Все началось с того, что на Ren TV я сделал для сериала “Черная комната” три новеллы. Работа эта очень понравилась продюсеру Дмитрию Лесневскому, и он решился на полный метр – дебютный и для меня, и для него. Мы пустились на поиски сценария. Искали очень долго, где-то полгода бродили вокруг да около, читали много чего, все это никуда не годилось. Пока Лесневский однажды в январе 2001 года не натолкнулся на сценарий Новотоцкого и Моисеенко под рабочим названием “Ты” и не предложил его мне. Я прочел и понял, что необходимо браться за это и делать. Надо отдать должное сценаристам: они люди очень талантливые, энергоемкие, диапазон их широк – от четырехстраничного рассказа для журналов “Отдохни” и “Клубничка” до сериала “Кобра” и “Старых кляч” Эльдара Рязанова. А этот сценарий был их “любимый ребенок”, его они писали в стол, не надеясь, что скоро он будет реализован. Мне очень понравилась способность сценаристов передавать живую речь – очень редко читаешь сценарий и видишь персонажей.

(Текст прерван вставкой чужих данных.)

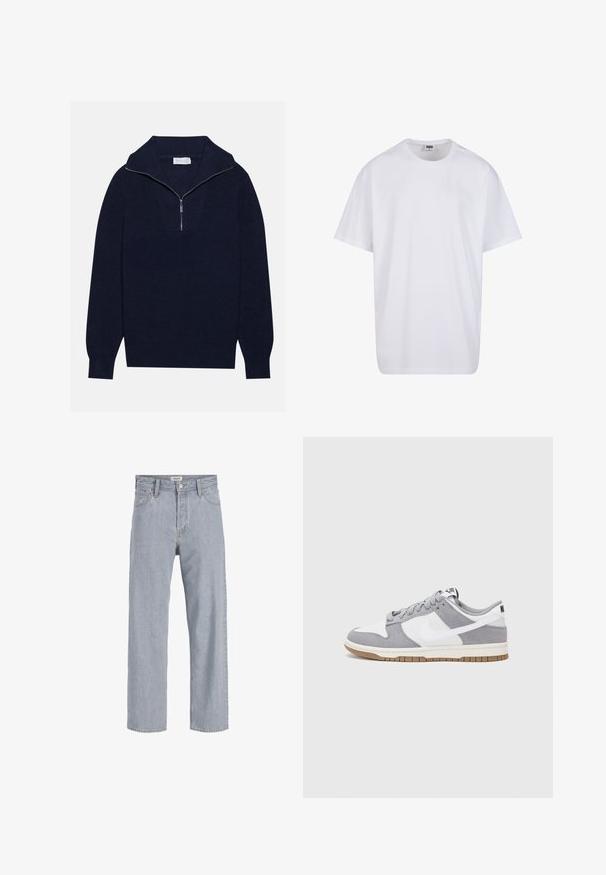 Tengerészkék kötött pulóver félcipzáros gallérral, bordás textúrával és V-alakú mintával az elején. Hosszú ujjú és testhez simuló szegéllyel rendelkezik.; Fehér pamut póló rövid ujjal, kerek nyakú, laza szabású, és nincsenek látható logók vagy minták. Simább textúra és minimalista dizájn.; Világoskék farmernadrág, laza szabású, egyenes lábú kialakítással, látható varrással, két elülső zsebbel és gombos záródással.; Szürke és fehér sportcipő, velúr és bőr felsőrésszel, kerek orral, lapos fűzőkkel és gumitalppal, amelyen rágógumi színű díszítés található.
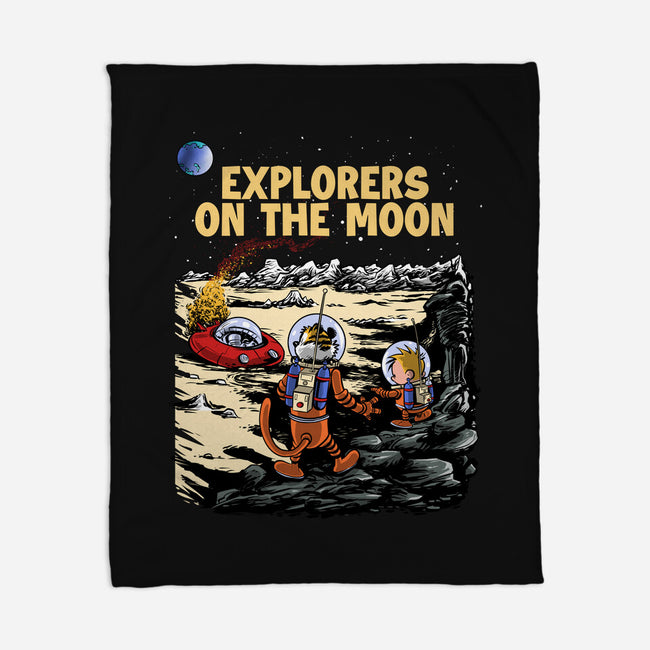 Explorers On The Moon-None-Fleece-Blanket-zascanauta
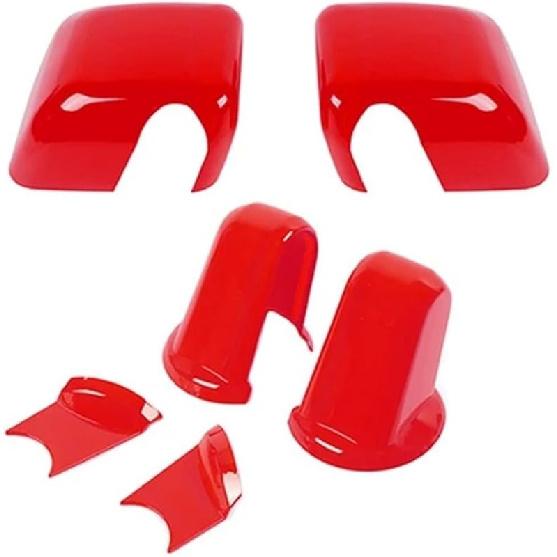 ABS Car Rear Rearview Mirror Shell Base Decoration Cover Compatible For Jeep Wrangler JK 2007-2017 Exterior Accessories(Carbon Fiber Grain)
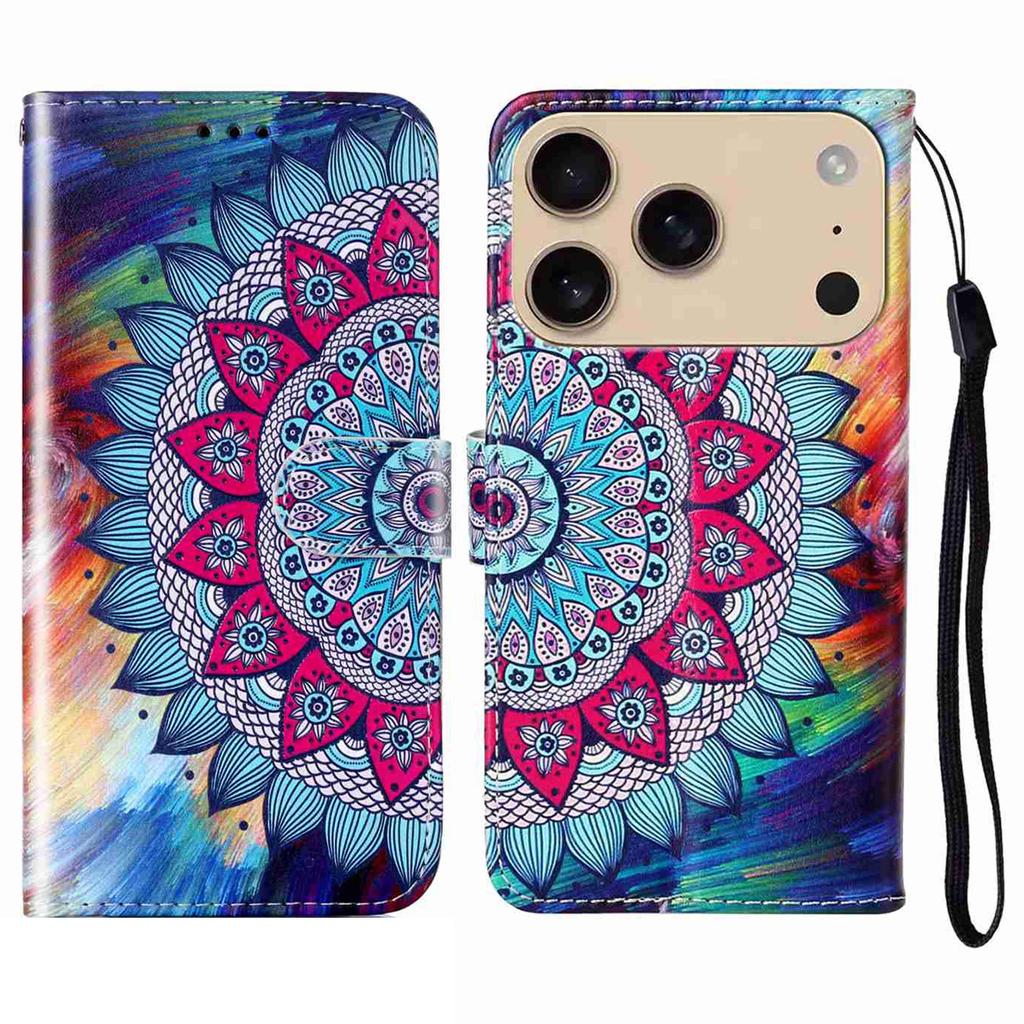 For iPhone 17 Pro Max Case Pattern Leather Wallet Phone Cover with Strap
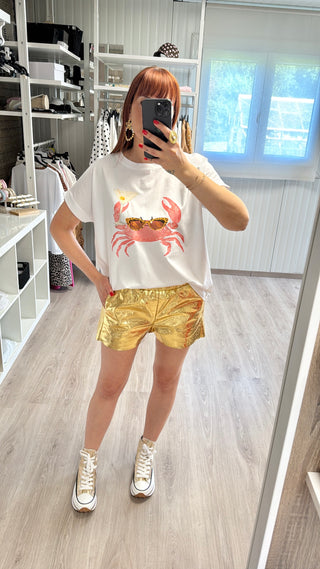 Short métallisé doré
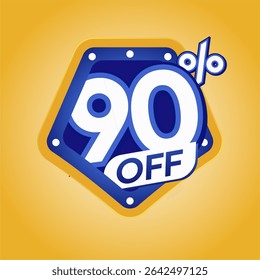 Bold Blue 90% Off Discount Badge with Modern Yellow Background for Ecommerce Promotion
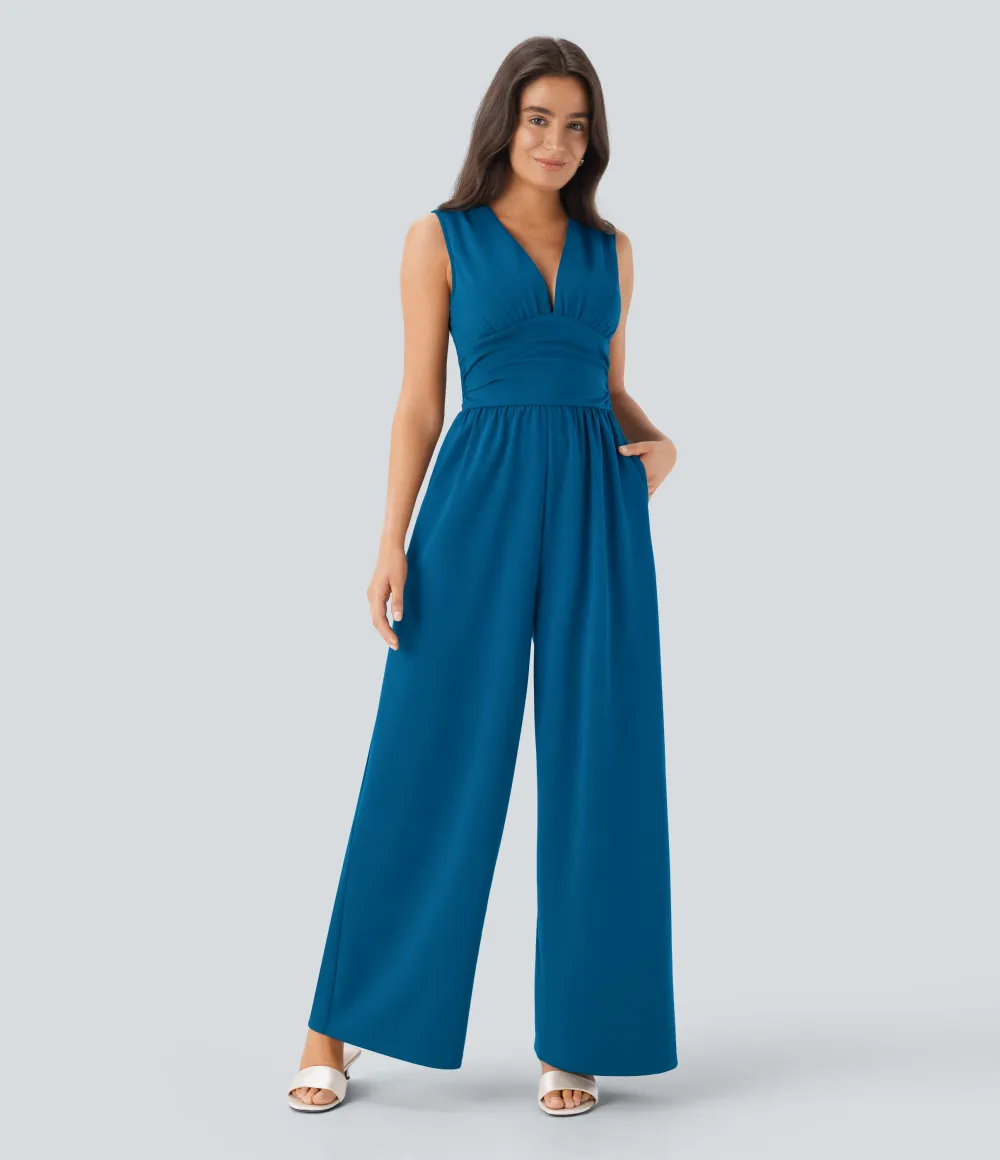 SculptKnit V Neck Sleeveless Ruched Pocket Jumpsuit-Easy Peezy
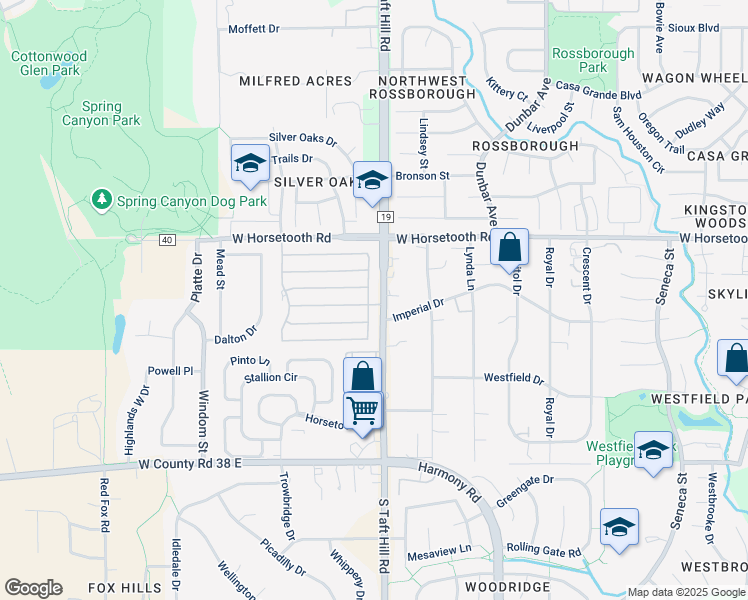 map of restaurants, bars, coffee shops, grocery stores, and more near 53 Nevada in Fort Collins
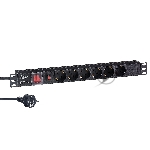 Блок розеток горизонтальный ExeGate ServerPro PDU-19H606 Al-6S-EU2-SW-O, 19", 1U, Алюминий, 6 Schuko, кабель с евровилкой VDE-250V-16A-3*1.5мм2, 2 метра, выкл. с подсветкой, защита от перегрузки, черный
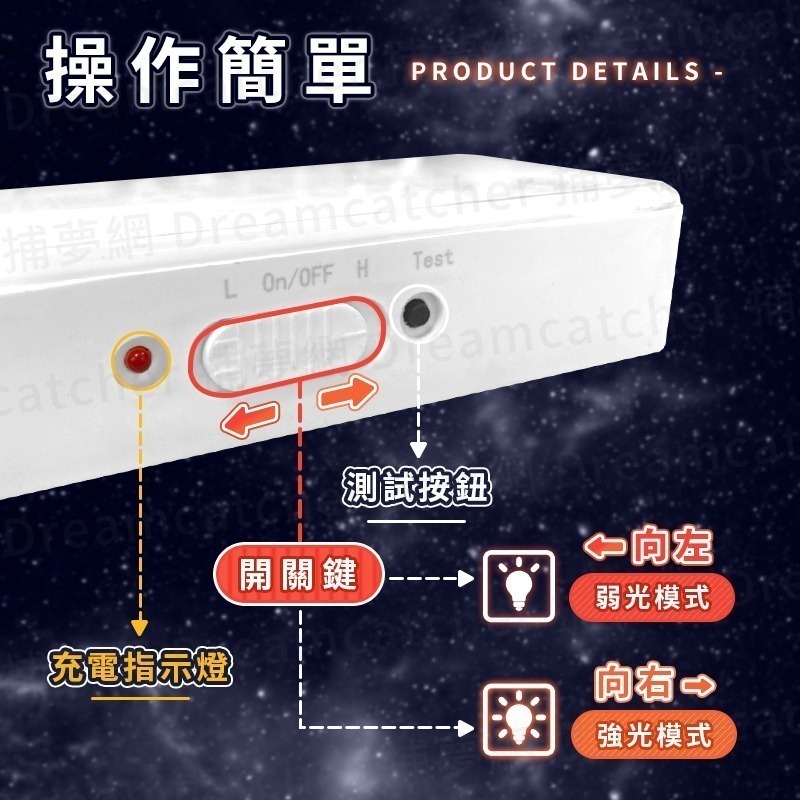 緊急照明燈 LED照明燈 緊急燈 露營燈 保安燈 斷電燈 LED充電燈 感應燈 夜燈 紅外線燈 照明燈-細節圖5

В сценарии я изменил начало и концовку, что, на мой взгляд, очень существенно, и авторы не настаивали на своем, с легкостью шли навстречу. Еще я переименовал главных героев: сценаристы только с этим не хотели соглашаться, но в конце концов я их убедил и очень признателен им за эту их восприимчивость.

• Как примирить ваше телевизионное прошлое, работу в самой массовой из существующих областей – сериальной – с “Возвращением”, картиной авторской и “фестивальной”?

При всем том, что я работал для телевидения – “Черная комната”, сюжеты для программы “Кинематограф”, – с 1990 года, когда я получил в ГИТИСе актерское образование, на протяжении десяти лет главной мечтой моей было кино. Не телевизионное, не сериальное – серьезное. Неожиданного поворота из одной среды в другую для меня не произошло: я никогда не чувствовал себя телевизионным человеком. Неожиданным для меня, удивительным, потрясающим был отважный и щедрый поступок Лесневского. Он пригласил меня к себе и спросил, снимал ли я когда-нибудь кино, притом что у меня нет профессионального образования, я почти человек с улицы. Я ответил: “Нет, не снимал, но снимать хочу”. В новеллах из “Черной комнаты” тоже все наши с оператором совместные силы были положены на то, чтобы в рамках телевизионного формата делать все же кино. Мы делали кино, а не телевизионный продукт.

• Русские режиссеры, ездящие на фестивали, очень любят философствовать на темы собственных фильмов, объяснять их и говорить о послании, которое они несут зрителям. Вы будете вести себя так же?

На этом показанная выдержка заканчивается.